An diesem Samstag bei der Eröffnung macht sich also eine eigenartige Diskrepanz bemerkbar. Bei strahlendem Sonnenschein und fassfrischem Bier im Villa Stuck-Garten kommt Freude auf. Fast schon eine Art Wiesnvorfreude. Aber es bleibt bei der Ahnung dessen, was eigentlich passieren hätte sollen an diesem Tag. Während der Garten zu diesem Anlass dank Festbier und – ja – Wiesnwetter zum gemütlichen Verweilen einlädt, wird es unten in den KI-Welten düsterer.

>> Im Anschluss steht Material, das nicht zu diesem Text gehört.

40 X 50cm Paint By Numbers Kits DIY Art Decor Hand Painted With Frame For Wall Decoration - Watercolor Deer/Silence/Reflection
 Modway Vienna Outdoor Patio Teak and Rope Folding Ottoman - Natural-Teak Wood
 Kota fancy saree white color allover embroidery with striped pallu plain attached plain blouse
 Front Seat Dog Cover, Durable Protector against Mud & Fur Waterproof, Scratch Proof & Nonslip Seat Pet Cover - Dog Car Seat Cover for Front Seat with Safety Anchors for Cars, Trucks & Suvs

Die seltsam ausgeleuchteten Bilderwolken aus den KI-Welten stimmen neugierig aber auch nachdenklich und taugen nicht alleine zur realistischen Simulation. Betreten kann man diese Welt im Zwischengeschoss der Villa Stuck unter der Anweisung von vier Instruktoren in weißen Ganzkörperanzügen – die so genannten „Wächter“ des Phantom-Oktoberfests. Sie gemahnen in ihren Overalls eher an die Pandemie-Gegenwart.

Das theoretische Vorhaben von Philip Gröning, die Aufgabe an die KI, ein Oktoberfestzelt authentisch erlebbar zu machen, muss man wohl als gescheitert ansehen. Ein Scheitern, das aber ganz bewusst zur Methode erklärt wird. Die ruinenartigen Wiesn-Orte der KI, sie mögen mathematischen Kriterien der Exaktheit entsprechen – ästhetisch sind sie eher unheimlich. Und somit das Gegenteil geselliger Bierzelt-Atmosphäre. Das Prosit der Gemütlichkeit, es wird zum Prosit der Unheimlichkeit. Gröning verleiht dem Oktoberfest-Phantomschmerz also vielmehr Ausdruck, als das er ihn lindert.